Did you have a similar situation? How do you market yourself or business? 

January 8, 2012

How Did You Get Your Start as a Freelance Writer?

It’s a question I get asked frequently. In fact, I get asked so often that if I had a dollar for everytime someone asked me that question, I’d have one million dollars. Ok, maybe it’s not that much, but you get the picture. The point is I get asked so much that it made sense for me to write a blog post about it.

Oddly enough, I’ve always wanted to be a freelance writer. As a child and through out college I never wanted to work for anybody else. I have always had a creative and entrepreneurial spirit so making the decision to freelance was not a tough one. However, that does not mean that it wasn’t difficult to get started. The most difficult part about starting a freelance career is actually taking the plunge. It’s easy to say you are going to do something, but it’s not easy to actually do it. After holding a handful of internships, keeping several jobs, and listening to the naysayers I finally decided to take the risk of being a full-time freelance writer.

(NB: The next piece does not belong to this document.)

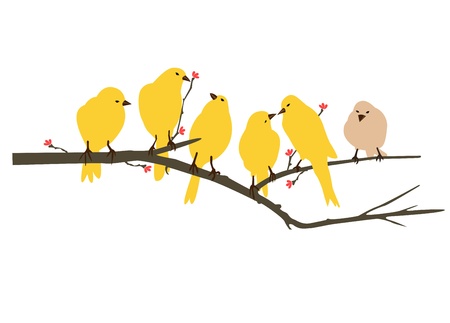 Yellow Birds decal for wallのイラスト素材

The truth is I had already been freelancing for years. However, it was a big step to quit a job with a cushy paycheck to go the freelance route. Because I had been freelancing part-time consistently I already had some clients. The first writing job I took was for Demand Studios. (I know, I know. Content mills are the devil) However, at the time I wasn’t even aware of what a “content mill” actually was. My main concern was finding work and getting paid for it so I could build up my portfolio. It didn’t take me long to learn the error of my ways. After my first and only $15 article, I realized it wasn’t worth it. It was way too much hassle for too little pay and it didn’t help develop skills in anyway . And a major insult to professional writers

I moved on to a beauty website I saw advertising for writers on the web. The pay was better – $50 per story. However, the editor was still too demanding for such little pay. It wasn’t worth it. However, I hung on to the gig for a few months because I was adding valuable clips to my portfolio.

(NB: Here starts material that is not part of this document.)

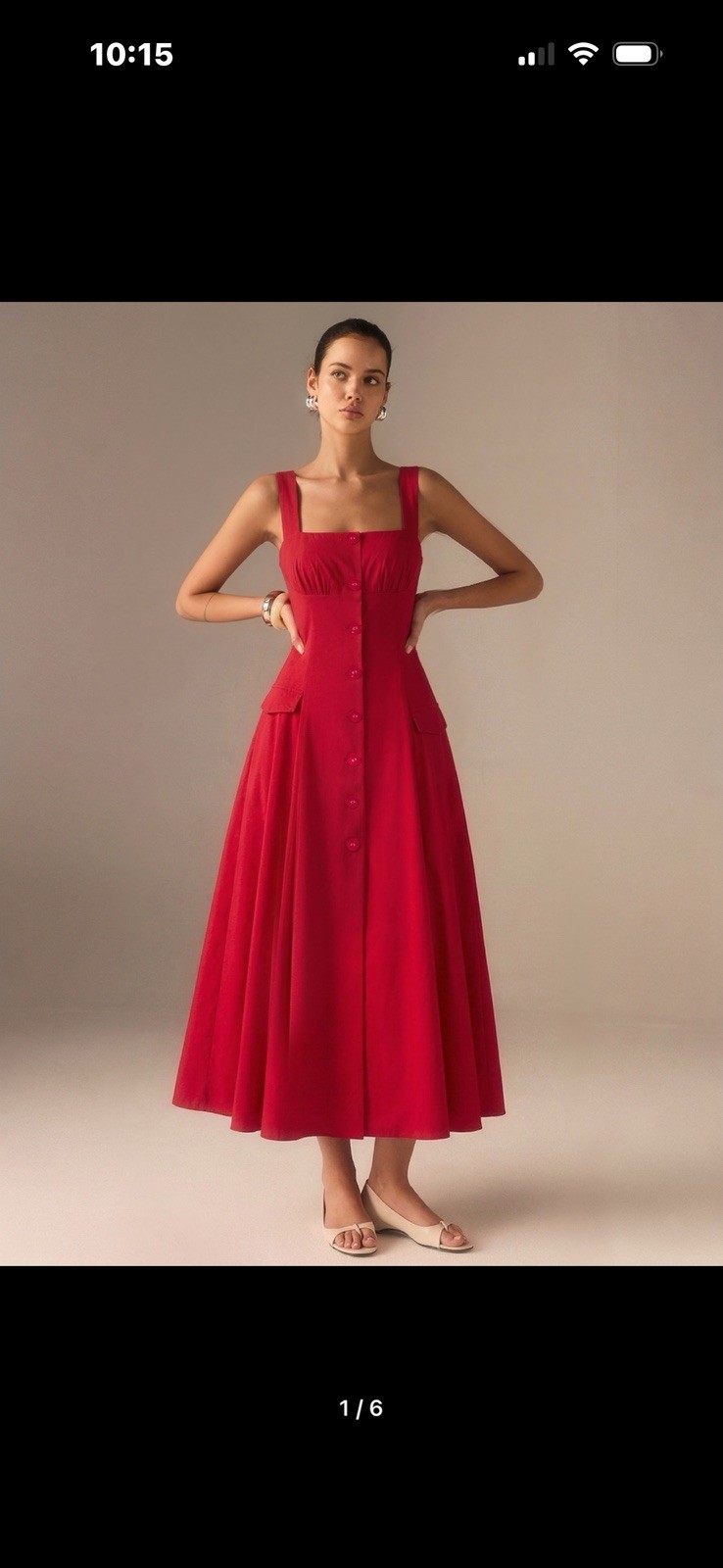 Commense Cotton Blend Button-Front Maxi Dress XL NWT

After writing for the beauty website for six months, I moved on and began getting work the old fashioned way – Pitching. I learned the hard way that it is highly unlikely to get valuable experience and decent pay from job ads posted online. And so my writing business began. I would do research or come up with an idea, pitch it to a magazine, rinse and repeat. It wasn’t long until I realized the waiting period between actually writing the article and it actually getting published was too long. Unless you negotiate for payment on acceptance, it can take months till you actually see the fruits of your labor. As a result, I turned to commercial writing.

My first course of action was to vamp up my professional website, and fill my Linkedin profile with tons of keywords to get the attention of local businesses. Next I researched small to mid-sized businesses I was interested in working with and sent them a letter of introduction along with some writing samples. Luckily, I got some bites, wowed them with my business savvy, and closed the deal.  Most importantly I churned out great work and encouraged them to refer me to others. Repeat business is what keeps my freelance writing business alive and well.

I know some of you are wondering how you are going to accomplish what I did without a background in writing or any writing samples. Luckily, I’ve broken it down into six easy steps  for you.

1. Start writing. Even if you don’t have clients, write a feature article, create a newsletter for a mock business, start a blog, etc.

2. Display what you wrote in a portfolio, website, etc.

3. Identify target companies and contact them. Be prepared to show them your writing samples when asked.

4 .Do your research. Read books about writing, follow writing blogs, and contact those who are in your field. Check out my TERRIfic Things page for some great writing resources.

5. Market yourself like crazy to get the word out about your writing business.

6. Do great work and encourage referrals.